Notre Dame, a Congregation of Holy Cross institution, may not be particularly friendly to its Catholic heritage. But its president, the Rev. John Jenkins, demonstrated how jesuitical (if not, quite, Jesuit) he could be. Queried about the censorship, he said, apparently without irony, that his decision to cover the murals was not intended to conceal anything, but rather to tell “the full story” of Columbus’s activities.
Welcome to the new Orwellian world where censorship is free speech and we respect the past by attempting to elide it.
I had not ever encountered the term elide and looked it up in Webster’s:
Curiously, I often elided something, especially when I wanted to make it obvious that I had done so (such as in a revision in a blog posting, when I had wanted to make it clear that I had done so, as in striking out a word or a few, to show that something was changed, what it was and what it was changed to), but I had not known that there was such a nice expression for doing that.
Nevertheless, when something was elided, it may or may not be so obvious that censorship was employed. That brings me to the point of this blog posting.
Marcus Clintonius brought the article to everyone’s attention, and I am grateful that he did. The article is critical of censorship, but Marcus had employed Facebook to point out a very incisive commentary that is very critical of censorship and calls for it to stop. Facebook is notorious for its censorship, especially for censoring almost everything that is not politically correct.

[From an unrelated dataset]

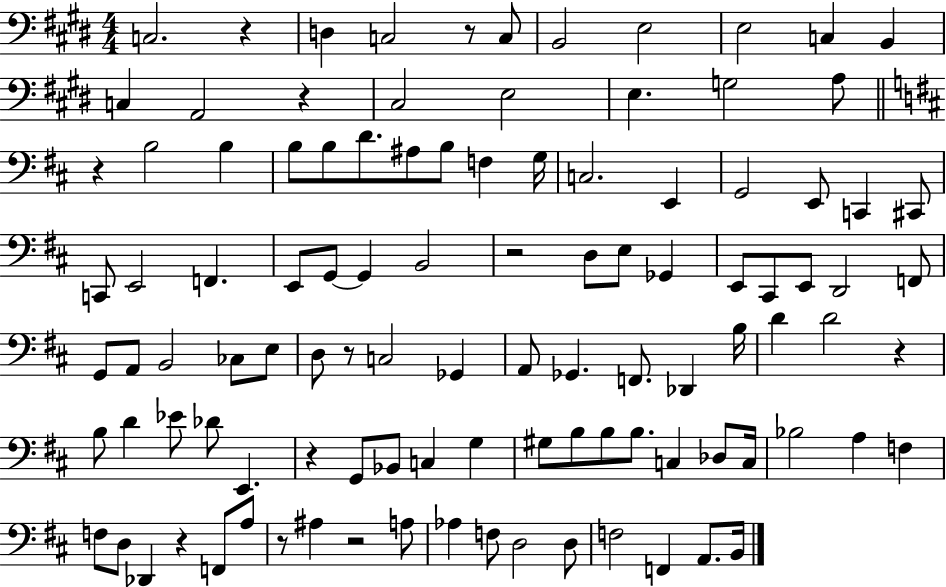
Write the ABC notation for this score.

Facebook does not call it censorship. It mostly censors without saying that it does or did so, although sometimes Facebook will state that something was deleted because it violated community standards (whatever those may be or signify). Sometimes the offender gets banned from Facebook, apparently in the hope that it will teach him a lesson. How come Facebook lets Marcus Clintonius bring Roger Kimball’s commentary to anyone’s attention? Here is the thing.
I had not known what the article was all about. I had only seen Marcus Clintonius’ posting on Facebook, essentially an image. The image was linked.* I wanted to find out what it was all about and clicked on it. I could be wrong, but that helped me to gain an impression of how Facebook deals with criticism of censorship, in spite of permitting access to the source of it. (* Sorry to say that the link will not work from this page. If you use copy-and-paste commands and use it in the location field of a new browser window, it will work as intended.)
It seemed to take forever to get a response to my click. It took so long that I clicked again, which took longer, but I waited, and eventually my browser displayed the article. It made me curious what had taken so long.
The link to the article, https://imprimis.hillsdale.edu/shall-defend-common-history/, is very simple. If I click on it or enter it into the location field of a browser and hit <Enter>, it requires no more than a second to display the article, and, perhaps, there is the rub. If you try this at home and clicked on the preceding link already, make sure to clear your browser cache first, before you try Facebook’s URL for the article. That will give you the full impact of the long delay, between clicking on the link and having the results displayed Here it the link:
Facebook stretched a link that is only 59 characters long to the ludicrous length of 894 characters.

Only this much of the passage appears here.